Alles niederzuschreiben, was ich momentan denke und fühle, passt auf kein weißes Blatt Papier.
Man sagt immer, dass der Sommer nach dem Abi, vor dem Studium, eine der besten Zeiten wird. Mir fällt es schwer, mich dieser Vorstellung anzupassen. Klar Denken geht momentan fast gar nicht, obwohl mich nichts daran hindert. Meinen letzten Schultag im April habe ich nicht miterlebt, weil mir vor Fieber die obere Schädeldecke nahezu explodiert ist.
Doch dann war erstmal ein bisschen Frühling, die Zeit war einfach schön, über irgendwelche Prüfungen habe ich mir nicht viele Gedanken gemacht aber sie trotzdem geschafft. Nach meiner letzten Prüfung war es dann schon Ende Mai. Ich kam nach Hause und dachte: jetzt wird es richtig, richtig schön – weil man eben sagt, dass das immer so ist.
Gerade mal eine Woche hat diese Euphorie angehalten. Danach war jeder Tag mehr und mehr eine Last. Schon vor den Prüfungen war der Verlust dieser Routine, jeden Tag in die Schule gehen zu müssen, irgendwie befremdlich, aber durch das Abi war ich erstmal beschäftigt und dieses befremdliche Gefühl hatte im Kopf nicht so viel Platz. Als die Prüfungen vorbei waren und ich von einen auf den anderen Tag dann überhaupt keine Verpflichtungen mehr hatte, war ich irgendwie bodenlos. Nicht, weil ich traurig war, endlich mal entspannen zu können und nichts machen zu müssen, sondern weil der Kopf frei war und plötzlich all das angekrochen kam, was lange irgendwo in einer Schublade verstaut war.
Auf einmal war Platz für all die Gedanken, denen ich mich eigentlich nie stellen wollte. Der Begriff „Zukunftsangst“ wäre der falsche; was mein Studium betrifft, bin ich mir über vieles sicher und es sieht auch was die anderen Umstände betrifft nicht schlecht aus.
Vor was ich Angst habe ist Verlust. Wir verstreuen uns. Obwohl noch nichts passiert ist, fühle ich mich trotzdem schon allein. Vieles, was ich momentan mache, fange ich schon an unter Erinnerung ad acta zu legen. Alles, was mein bisheriges Leben war, Routinen, Abläufe, Rituale, für und bei Menschen einen Namen und einen Platz haben – damit muss ich bald nochmal von vorn anfangen. Ich habe das Gefühl, das jetzt der Beginn vom Rest meines Lebens stattfinden wird.
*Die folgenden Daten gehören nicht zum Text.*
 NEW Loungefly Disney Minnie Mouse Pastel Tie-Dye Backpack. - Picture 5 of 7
Ich will eigentlich nichts als abwarten; aufhören nachzudenken und das Schicksal regeln lassen. Meine Oma sagt immer: Kommt Zeit, kommt Rat. Nur die Zeit vergeht nicht und alle erdenklichen Decken fallen mir gerade auf den Kopf. Ich will am liebsten nichts, als einfach im Moment sein. Aber auch der ist gerade ziemlich schwer erträglich. Hitze macht mir extrem zu schaffen (ja, nicht nur Winter kann depressiv machen) und meine Pollenallergie ist dieses Jahr so stark, dass ich mich nicht allzu lang im Freien aufhalten kann. Ich möchte die übrigbleibenden Tage an einer Hand abzahlen können, aber so viele Finger wie übrige Tage habe ich nicht. Aber ich weiß auch, dass ich mich für diesen Weg entschieden habe und wenn dieses momentane Tief ein Teil von ihm ist, dann ist es eben so.
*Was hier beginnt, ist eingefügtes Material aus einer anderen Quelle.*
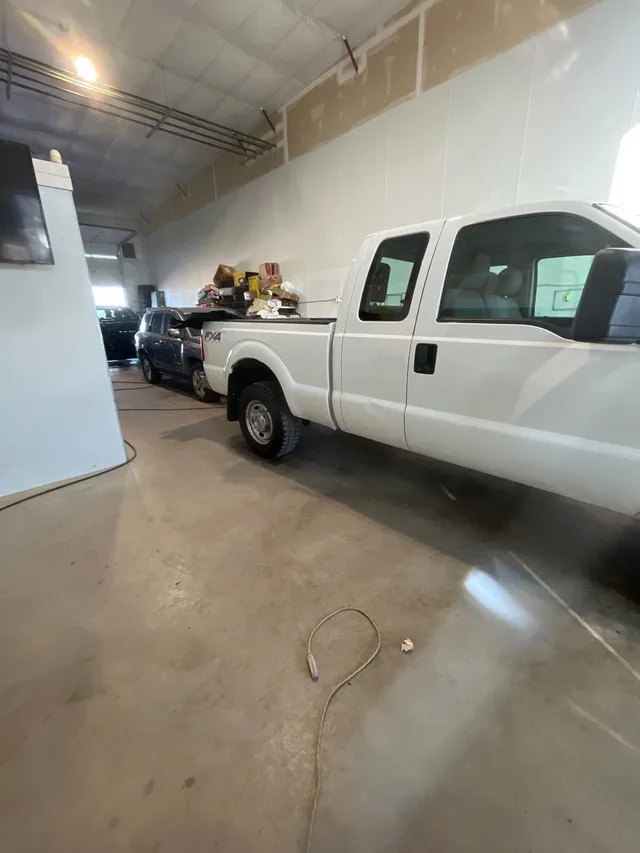 Building & business for sale image indicator(6)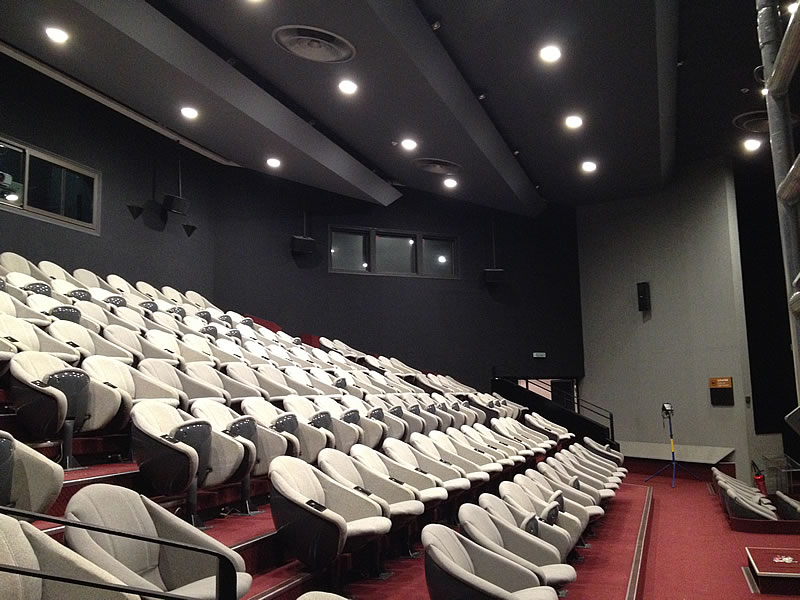 Eclairage LED d'une salle de conférence par Addis Lighting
Was ich aber auch sagen will: seid ehrlich zu euch selbst. Nur weil Sommer ist und jeder gut drauf sein muss, müsst ihr das noch lange nicht. Und auch die oft auf Instagram und Co. angepriesene Lebens-Positivity kann toxisch werden. Wenn es euch nicht gut geht, dann ist die Einsicht darin und die Akzeptanz, dass es gerade so ist wertvoller und besser für euch, als alles wegzureden und euch selbst zu guten Gedanken zu zwingen – „stay positive“ klappt eben nicht immer.
Ich weiß nicht, was ich noch schreiben soll, weil mein Hirn momentan Matsch ist. Aber ich denke auch das ist gut: wenn man nicht schreiben kann, dann eben darüber zu schreiben, dass man gerade nicht kann. Kommunizieren, wie es einem gerade geht. Zuhören, wie es anderen in dieser Situation geht. Einsehen. Zu sich selbst sagen: so ist es gerade – und auch das geht vorbei.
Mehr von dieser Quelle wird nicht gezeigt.